What This Document Is
This is a set of lecture notes covering foundational concepts in time series analysis, part of an introductory course (STAT 153) at the University of California, Berkeley. It delves into the mathematical and statistical underpinnings required to understand and model data points indexed in time order. The material builds upon core statistical principles and applies them to the unique challenges presented by temporal data.
Why This Document Matters
This resource is ideal for students beginning their study of time series, particularly those in statistics, economics, engineering, or any field dealing with sequential data. It’s most valuable when used alongside course lectures and assignments, providing a structured reference for key definitions and theoretical concepts. Professionals seeking a refresher on the fundamentals of time series will also find it beneficial. Access to the full content will equip you with the necessary groundwork for more advanced techniques.
Topics Covered
* The concept of stationarity in time series data.
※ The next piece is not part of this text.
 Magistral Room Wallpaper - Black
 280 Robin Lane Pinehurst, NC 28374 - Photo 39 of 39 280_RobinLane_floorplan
* Methods for assessing the relationships between data points at different time lags.
* Autocovariance and autocorrelation functions.
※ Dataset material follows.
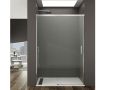 Sliding shower door, 103 to 106 cm, with fixed glass - NANTES 310 CH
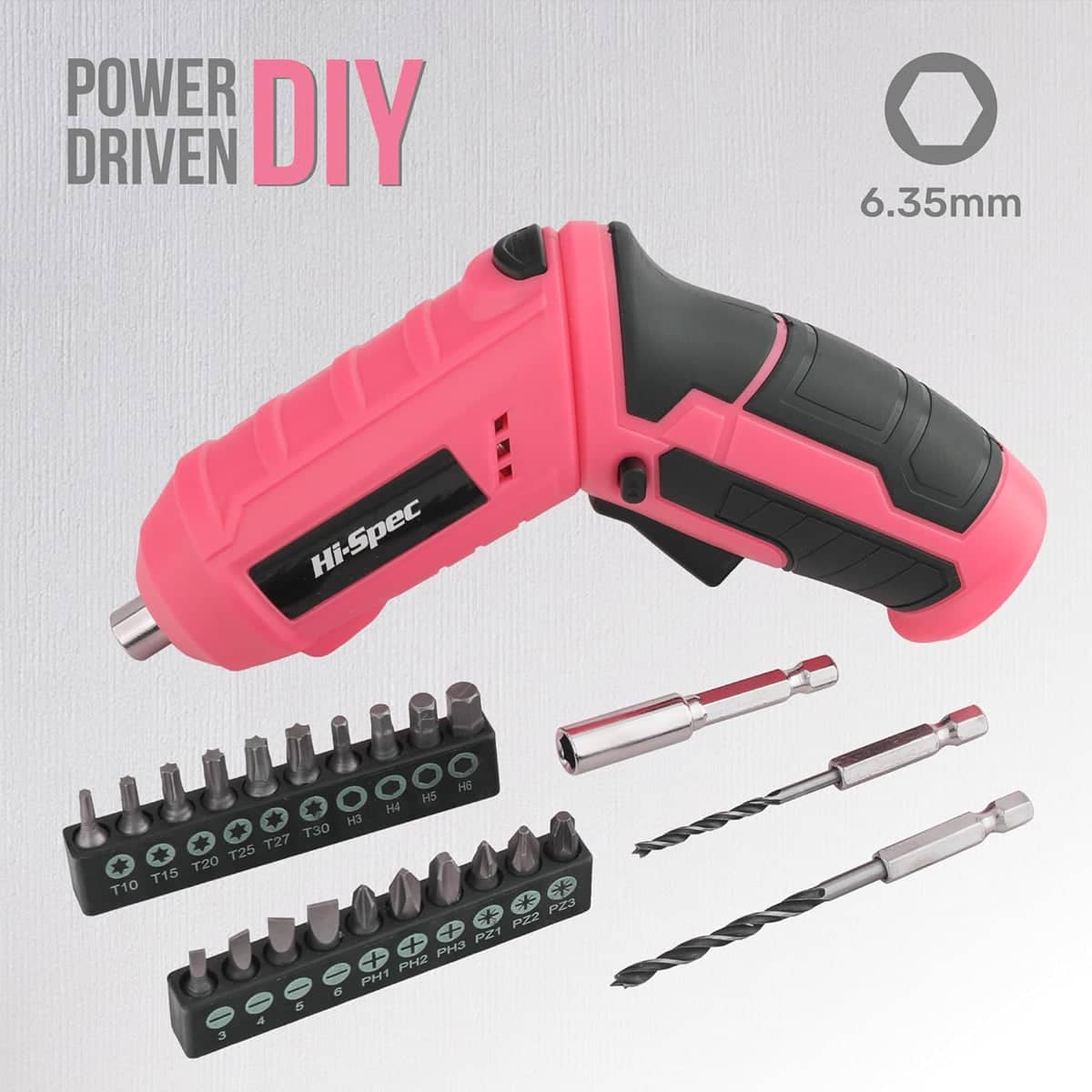 Electric Screwdriver Set, Cordless with Bits and Case for Home Repair and DIY - view 5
* Different types of time series models, including Moving Average (MA) and AutoRegressive (AR) processes.
* The properties and characteristics of linear processes.
* An exploration of white noise processes as a baseline for time series analysis.
What This Document Provides
* Formal definitions of key time series concepts.
* Explanations of how to determine if a time series is stationary.
* Illustrative examples to aid in understanding theoretical concepts.
* Mathematical notation and formulas used in time series analysis.
* A foundation for understanding the autocorrelation function (ACF) and its role in model identification.